The right-leaning think tank has called on government to scrap the controversial carbon price floor in the new Treasury budget due in July, telling the Telegraph that the tax risks the UK’s security of supply and damages the prospects for developing carbon capture and storage technology.
In an opinion column for the national newspaper research fellow Tony Lodge blamed the carbon tax for the recent closure announcements for the Longannet and Ferrybridge coal-fired power plants, describing them as a “body blow” to the UK electricity system.

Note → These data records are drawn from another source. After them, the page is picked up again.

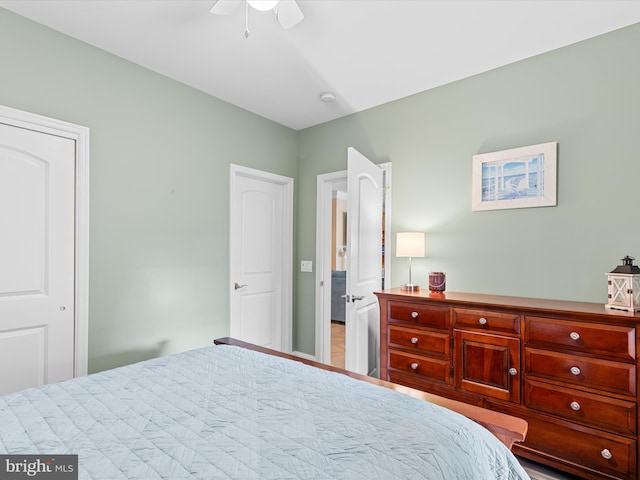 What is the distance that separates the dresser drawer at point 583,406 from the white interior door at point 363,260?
1257 mm

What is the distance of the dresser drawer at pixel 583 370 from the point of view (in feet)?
5.64

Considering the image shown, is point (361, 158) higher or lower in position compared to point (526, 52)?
lower

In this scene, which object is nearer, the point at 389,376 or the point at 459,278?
the point at 389,376

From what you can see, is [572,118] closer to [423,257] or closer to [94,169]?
[423,257]

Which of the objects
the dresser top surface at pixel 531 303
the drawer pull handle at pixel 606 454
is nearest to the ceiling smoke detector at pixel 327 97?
the dresser top surface at pixel 531 303

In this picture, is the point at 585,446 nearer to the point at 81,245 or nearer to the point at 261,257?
the point at 261,257

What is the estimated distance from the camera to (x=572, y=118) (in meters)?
2.31

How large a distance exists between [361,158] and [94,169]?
1.98m

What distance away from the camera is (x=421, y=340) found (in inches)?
95.0

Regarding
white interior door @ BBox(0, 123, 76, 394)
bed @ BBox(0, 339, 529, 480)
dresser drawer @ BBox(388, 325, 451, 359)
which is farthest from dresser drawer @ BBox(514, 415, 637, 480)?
white interior door @ BBox(0, 123, 76, 394)

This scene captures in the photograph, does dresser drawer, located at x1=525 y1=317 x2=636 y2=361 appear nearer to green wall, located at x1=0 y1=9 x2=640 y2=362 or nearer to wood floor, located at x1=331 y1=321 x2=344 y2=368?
green wall, located at x1=0 y1=9 x2=640 y2=362

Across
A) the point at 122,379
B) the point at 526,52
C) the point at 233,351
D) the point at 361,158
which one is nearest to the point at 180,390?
the point at 122,379

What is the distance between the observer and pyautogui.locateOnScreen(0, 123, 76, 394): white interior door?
80.0 inches

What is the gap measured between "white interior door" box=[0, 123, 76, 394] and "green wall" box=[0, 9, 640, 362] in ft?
0.50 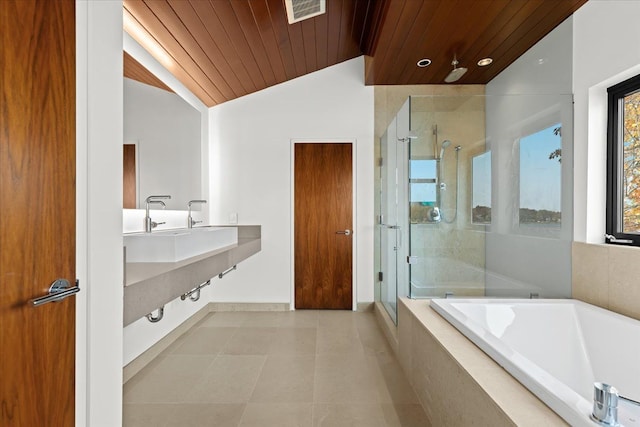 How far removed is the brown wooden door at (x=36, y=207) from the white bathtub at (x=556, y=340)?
1.45m

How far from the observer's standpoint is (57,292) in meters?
0.92

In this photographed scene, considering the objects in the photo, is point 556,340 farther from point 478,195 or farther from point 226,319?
point 226,319

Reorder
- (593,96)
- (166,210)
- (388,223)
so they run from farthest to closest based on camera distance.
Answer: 1. (388,223)
2. (166,210)
3. (593,96)

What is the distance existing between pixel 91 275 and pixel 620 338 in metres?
2.24

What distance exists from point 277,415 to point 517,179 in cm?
221

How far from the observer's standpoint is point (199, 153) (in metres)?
3.30

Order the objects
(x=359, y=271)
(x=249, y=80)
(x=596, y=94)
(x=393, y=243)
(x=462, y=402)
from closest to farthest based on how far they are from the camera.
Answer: (x=462, y=402), (x=596, y=94), (x=393, y=243), (x=249, y=80), (x=359, y=271)

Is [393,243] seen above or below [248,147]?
below

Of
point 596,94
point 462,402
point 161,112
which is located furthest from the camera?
point 161,112

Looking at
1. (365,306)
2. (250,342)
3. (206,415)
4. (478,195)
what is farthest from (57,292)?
(365,306)

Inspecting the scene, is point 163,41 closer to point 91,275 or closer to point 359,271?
point 91,275

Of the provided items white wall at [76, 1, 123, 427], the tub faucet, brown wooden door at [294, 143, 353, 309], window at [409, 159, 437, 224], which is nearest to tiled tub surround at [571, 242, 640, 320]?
window at [409, 159, 437, 224]

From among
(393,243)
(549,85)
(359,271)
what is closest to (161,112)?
(393,243)

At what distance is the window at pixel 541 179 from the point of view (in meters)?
2.21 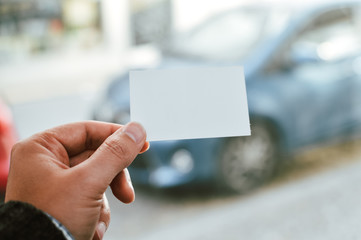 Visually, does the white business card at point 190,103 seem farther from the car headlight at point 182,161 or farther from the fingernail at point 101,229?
the car headlight at point 182,161

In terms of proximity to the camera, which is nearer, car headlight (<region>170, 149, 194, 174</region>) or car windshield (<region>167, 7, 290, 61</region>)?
car headlight (<region>170, 149, 194, 174</region>)

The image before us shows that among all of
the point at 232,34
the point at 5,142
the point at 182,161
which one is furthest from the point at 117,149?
the point at 232,34

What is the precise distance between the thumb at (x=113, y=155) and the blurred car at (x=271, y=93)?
5.88 feet

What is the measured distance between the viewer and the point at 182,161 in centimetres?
281

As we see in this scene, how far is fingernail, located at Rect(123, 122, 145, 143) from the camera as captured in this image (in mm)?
903

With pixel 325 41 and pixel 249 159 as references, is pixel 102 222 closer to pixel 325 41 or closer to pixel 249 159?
pixel 249 159

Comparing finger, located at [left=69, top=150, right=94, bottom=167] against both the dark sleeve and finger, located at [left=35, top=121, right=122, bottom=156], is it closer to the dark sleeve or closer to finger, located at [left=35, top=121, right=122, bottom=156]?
finger, located at [left=35, top=121, right=122, bottom=156]

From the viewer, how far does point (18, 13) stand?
20.4ft

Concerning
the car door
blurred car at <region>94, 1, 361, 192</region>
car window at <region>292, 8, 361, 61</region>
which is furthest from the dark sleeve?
car window at <region>292, 8, 361, 61</region>

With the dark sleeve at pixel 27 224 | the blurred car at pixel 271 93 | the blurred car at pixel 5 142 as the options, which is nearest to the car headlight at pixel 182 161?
the blurred car at pixel 271 93

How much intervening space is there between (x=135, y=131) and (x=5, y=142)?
5.66ft

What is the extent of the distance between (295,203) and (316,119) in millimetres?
770

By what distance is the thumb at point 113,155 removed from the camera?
932 mm

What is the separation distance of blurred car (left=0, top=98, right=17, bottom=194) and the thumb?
1571 mm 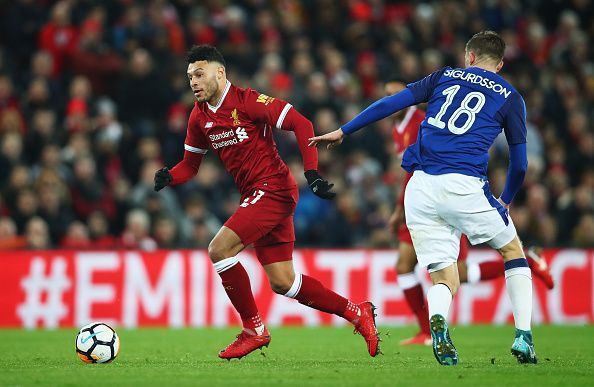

“British security of energy supply will be hugely diminished; importantly there are no shiny new equivalent-sized power stations being built to replace Ferrybridge, Longannet plant or any further closures the loss of those may prompt,” he said.
“The Coalition hoped that new gas-fired power stations would be built, but this hasn’t happened and the much-heralded new nuclear power station at Hinkley Point in Somerset is at best a decade away. Wind and solar will not plug the hole,” he warned.
As old plants close the development of CCS could be hindered because “they will need the skills and infrastructure transfer from old plants to new”, Lodge added.
The controversial carbon tax was introduced in 2010 by the Conservative-led Treasury in the face of subdued carbon price signals from the flagging EU emissions trading system.
Currently the tax stands at £18.08 per tonne of CO2 emitted in addition to the ETS meaning that UK coal generators pay a total of £23.38 per tonne emitted while the EU is just £5.30.
While coal-fired generators and major energy users are understood to oppose the tax, green campaigners have also criticized the tax saying it doesn’t reduce emissions and amounts to little more than a ‘cash grab’.
“Next month’s Budget represents an excellent opportunity to abandon the tax, boost energy security and put Britain on a level playing field with the rest of Europe,” Lodge said.